Aus diesem Grund forderte der VCÖ wie zuvor Vizekanzler Werner Kogler (Grüne) eine Prüfung durch die Bundeswettbewerbsbehörde (BWB). So soll untersucht werden, ob «neben anderen aktuellen Entwicklungen auch fehlender oder beschränkter Wettbewerb Ursache der derzeitigen Preise sind», hieß es am 21. März 2022 in einer Aussendung.

Dass die hohen Spritpreise für Autofahrer eine Belastung sind, ist auch den heimischen Politikern und Politikerinnen bewusst. Einzelne forderten daher etwa eine Senkung oder Streichung der Mehrwertsteuer auf Kraftstoffe. Das ist aufgrund der EU-Gesetzgebung allerdings nicht möglich, wie Europarechtsexperte Walter Obwexer der APA bestätigte.

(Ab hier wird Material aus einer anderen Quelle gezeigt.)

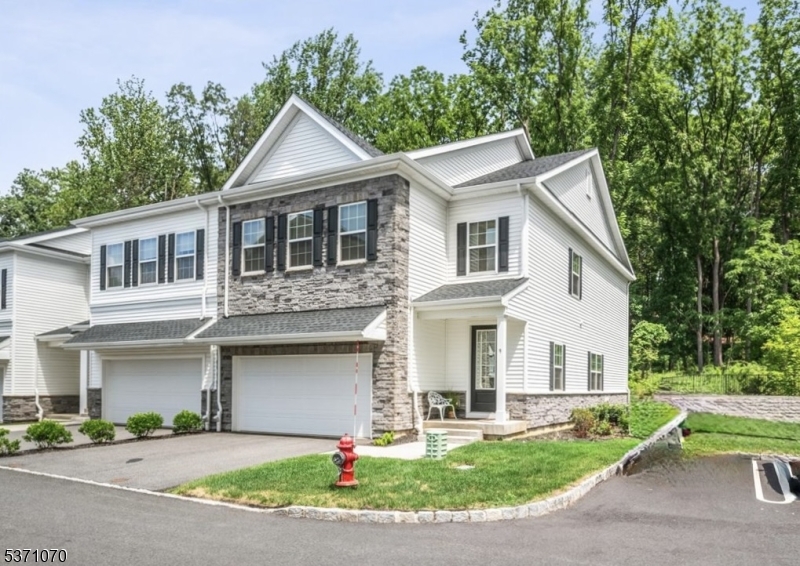 COLLECTION AT MORRIS PLAINS - Residential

Mit Blick auf eine Senkung der Mineralölsteuer zeigte sich Finanzminister Magnus Brunner (ÖVP) zuletzt in einem Interview mit dem «Standard» aber nicht abgeneigt: «Eine Mehrwertsteuersenkung auf Sprit geht nach EU-Recht nicht. Eine Mineralölsteuersenkung wäre eine andere Maßnahme, bei Diesel wären acht Cent möglich, bei Benzin 15 Cent», so Brunner.

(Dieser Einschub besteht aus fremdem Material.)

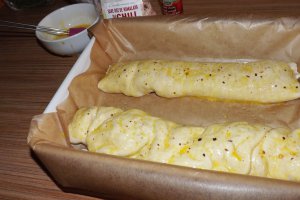Placinte sarate cu ciuperci brune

Zu dem Thema gibt es bereits einen Faktencheck von dpa.

(Stand: 21.04.2022)

Links

ÖAMTC über Zusammensetzung der Spritpreise (archiviert)

Mehrwertsteuersatz (archiviert)

Presseaussendung des Verkehrsclub Österreich (VCÖ) (archiviert)

Presseaussendung der Bundeswettbewerbsbehörde (BWB) (archiviert)

APA-Artikel über Forderungen der Mehrwertsteuer-Senkung (archiviert)

APA-Artikel zu Mehrwertsteuer-Senkung und EU-Recht (archiviert)

«Standard»-Interview mit Brunner (archiviert)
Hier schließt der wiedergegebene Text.